#### [Prompt]
Everything from the line that contains "Jo Malone Wood Sage Sea Salt 50 ml" to the final line of the data, both ends included, must be set down exactly, apart from the pictures.

*** Opening Listed records ***

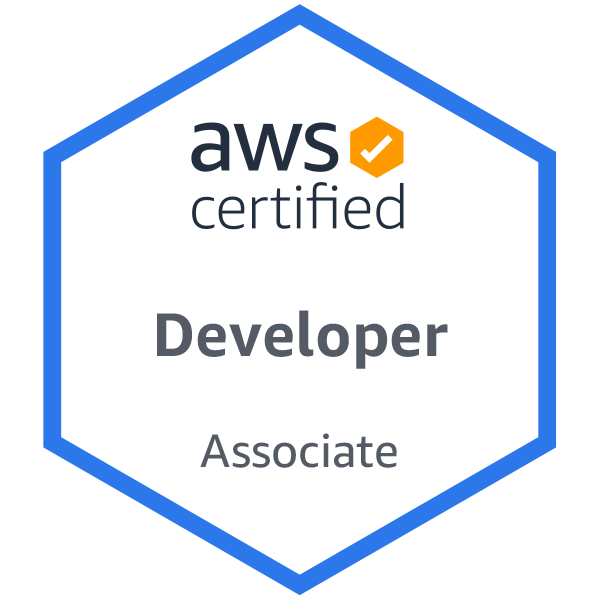 AWS Developer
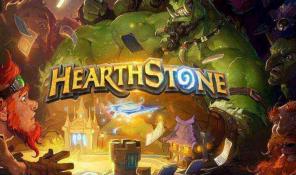 Oplossing: Hearthstone-fout Er is een fout opgetreden bij het starten van je spel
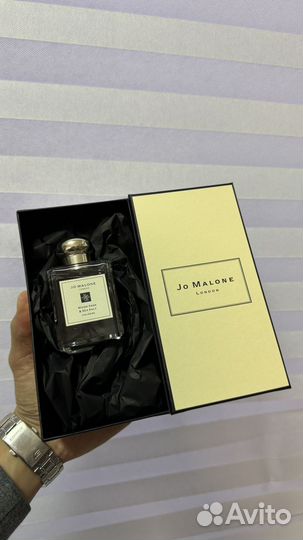 Jo Malone Wood Sage Sea Salt 50 ml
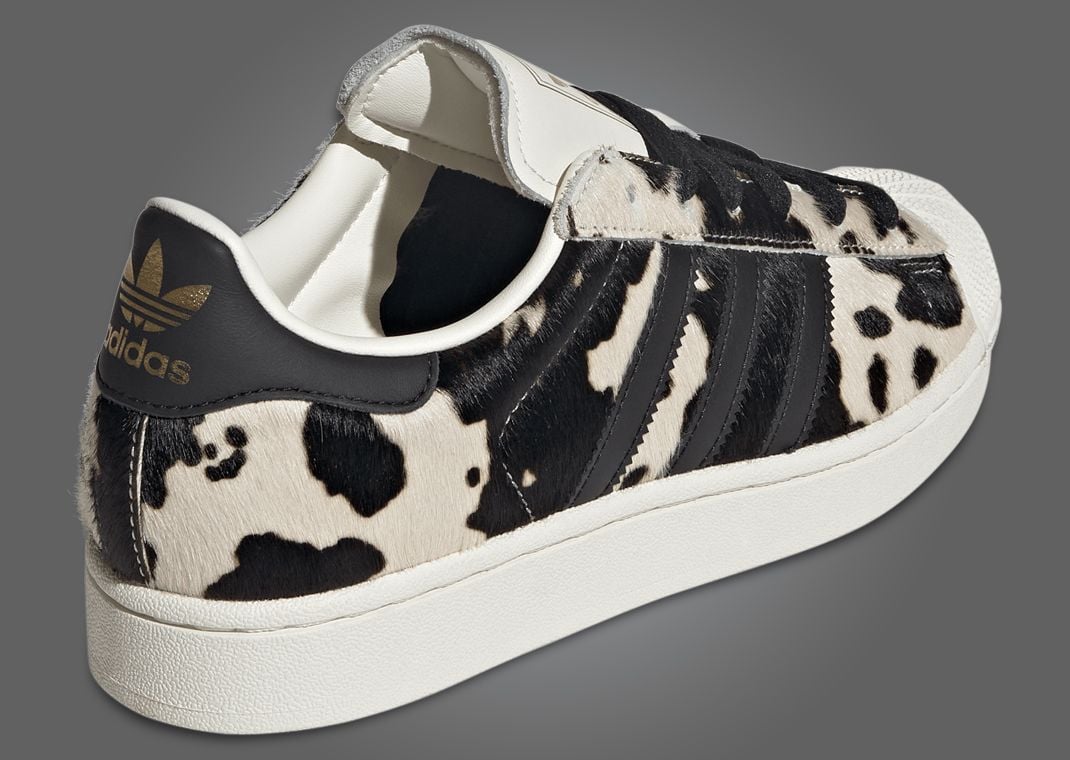 adidas Superstar Cow (W)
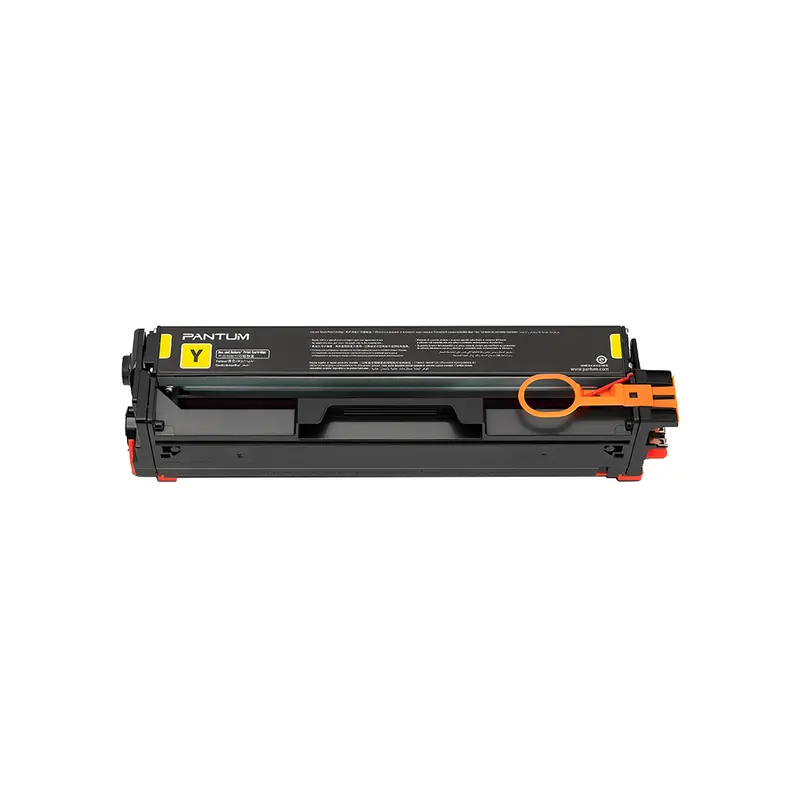 ตลับหมึกโทนเนอร์ Pantum CTL-2000HY สีเหลือง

*** Closing Listed records ***

#### [Task answer]
 Jo Malone Wood Sage Sea Salt 50 ml
 adidas Superstar Cow (W)
 ตลับหมึกโทนเนอร์ Pantum CTL-2000HY สีเหลือง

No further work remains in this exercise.